Exercise directions
Leave every picture out. Set down all the lines below exactly.
[Opening Available data section]
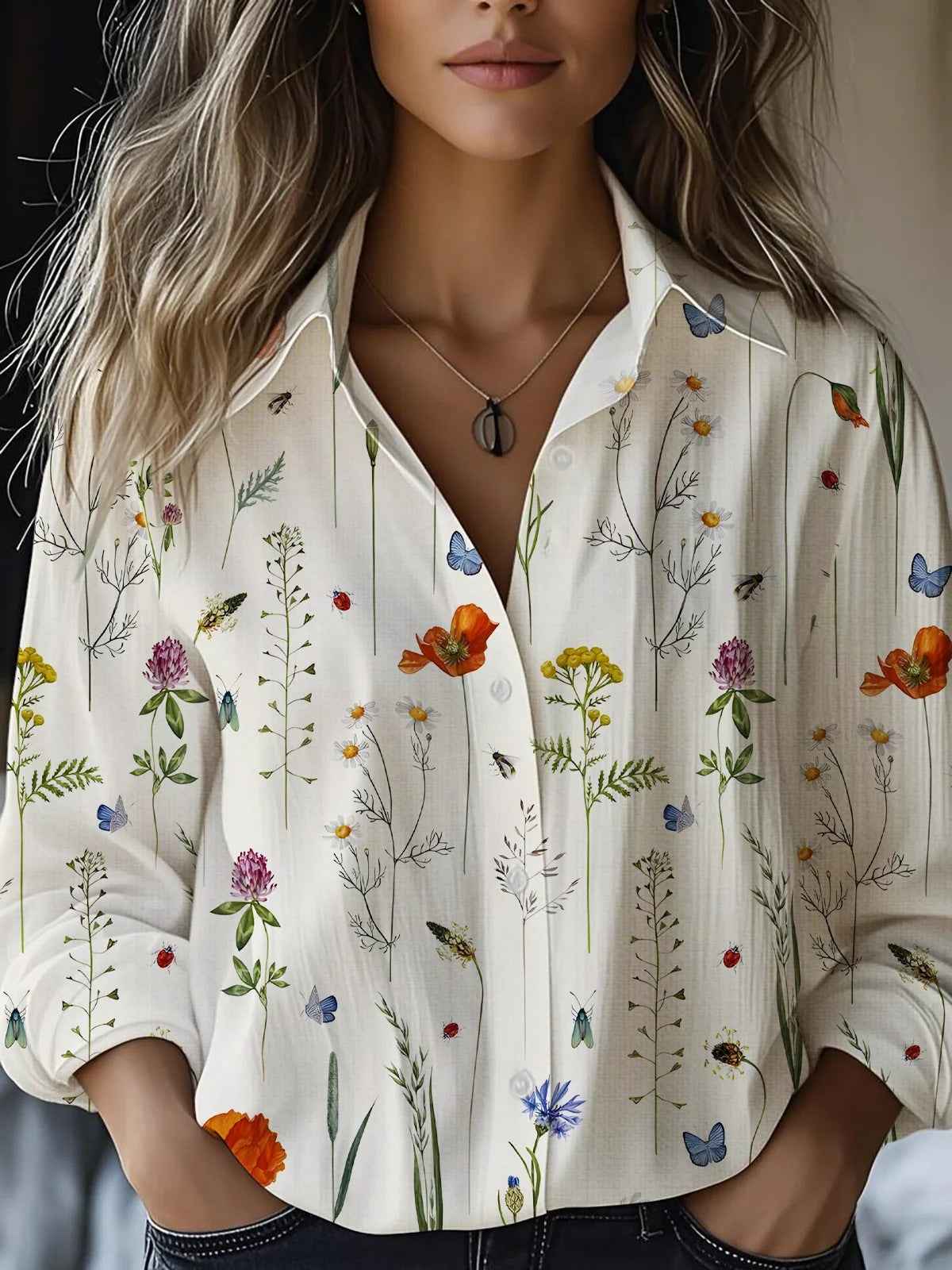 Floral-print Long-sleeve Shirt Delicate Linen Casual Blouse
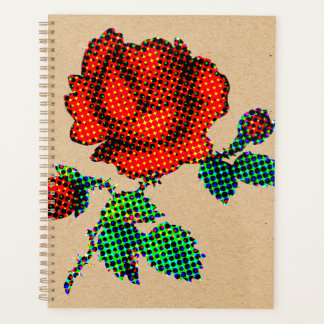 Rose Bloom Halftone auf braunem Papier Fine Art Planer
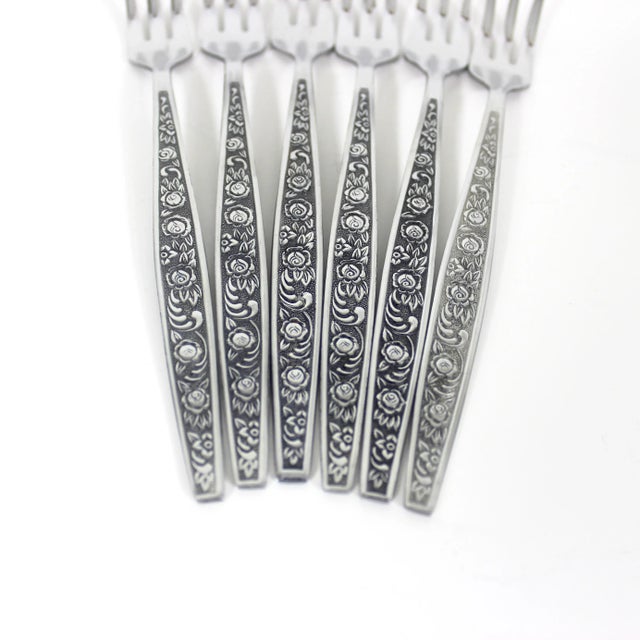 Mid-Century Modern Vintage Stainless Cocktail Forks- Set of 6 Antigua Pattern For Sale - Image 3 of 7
[Closing Available data section]
Task answer
 Floral-print Long-sleeve Shirt Delicate Linen Casual Blouse
 Rose Bloom Halftone auf braunem Papier Fine Art Planer
 Mid-Century Modern Vintage Stainless Cocktail Forks- Set of 6 Antigua Pattern For Sale - Image 3 of 7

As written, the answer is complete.